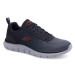 Skechers Sneakersy TRACK RIPKENT 232399 BKCC Čierna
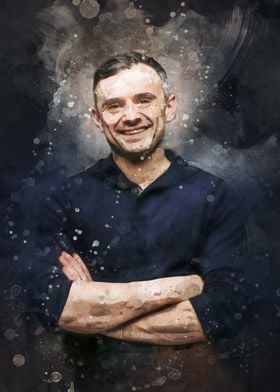 Gary Vaynerchuk Vee V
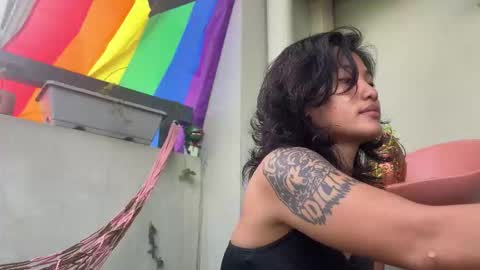 the_emmarouge online show from 01-10-26, 12:56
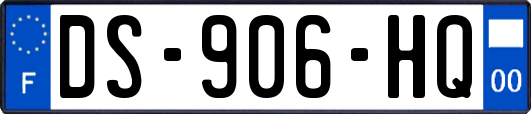 DS-906-HQ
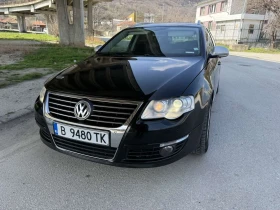 VW Passat 2.0 TDI 16V, снимка 4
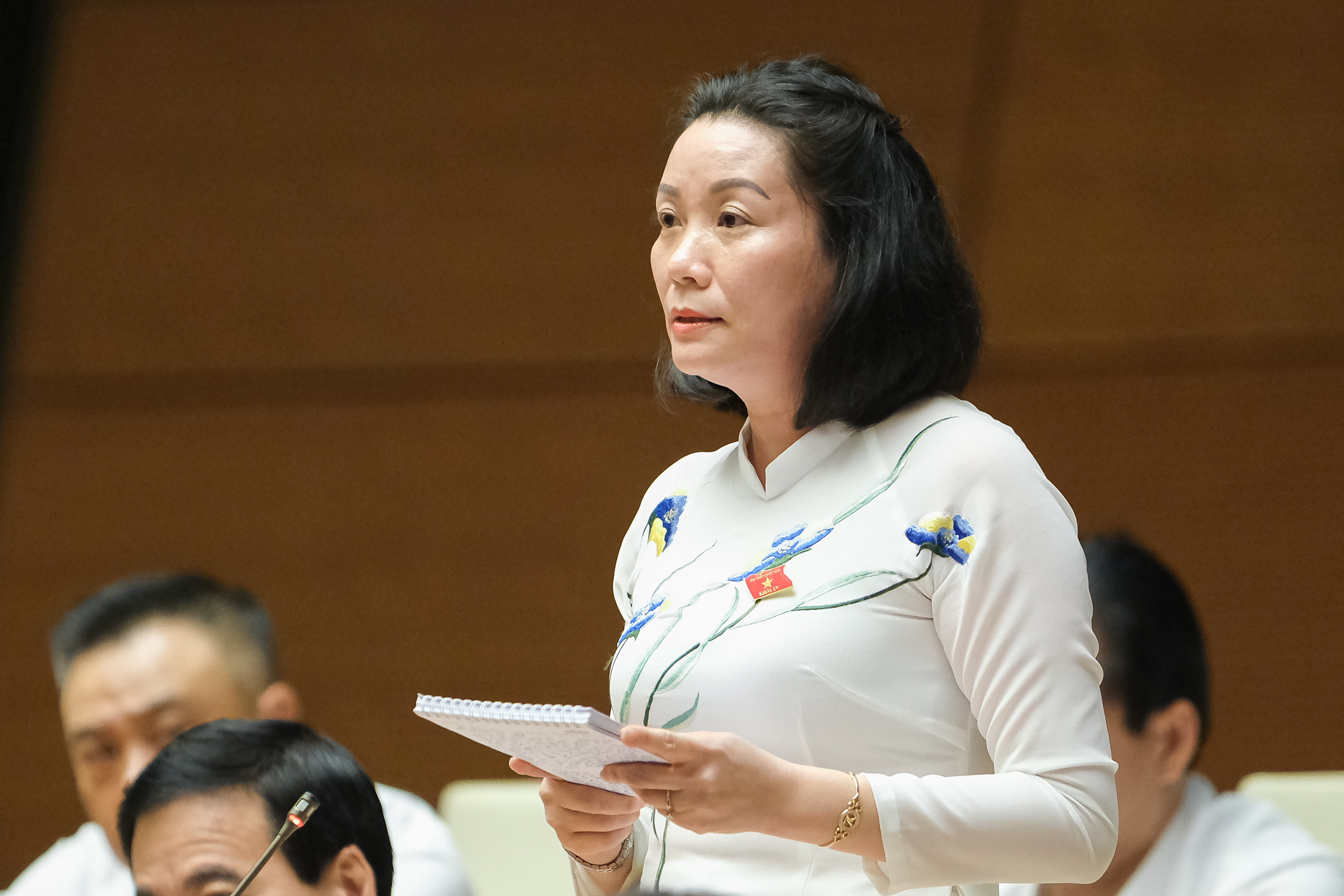 Kinh tế vĩ mô - Gói phục hồi kinh tế 350.000 tỷ: Liệu có đang lãng phí thời gian và cơ hội? (Hình 2).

[Work order]:
Your answer should be an exact copy of the entries above, with no images included.

[Exercise output]:
 Skechers Sneakersy TRACK RIPKENT 232399 BKCC Čierna
 Gary Vaynerchuk Vee V
 the_emmarouge online show from 01-10-26, 12:56
 DS-906-HQ
 VW Passat 2.0 TDI 16V, снимка 4
 Kinh tế vĩ mô - Gói phục hồi kinh tế 350.000 tỷ: Liệu có đang lãng phí thời gian và cơ hội? (Hình 2).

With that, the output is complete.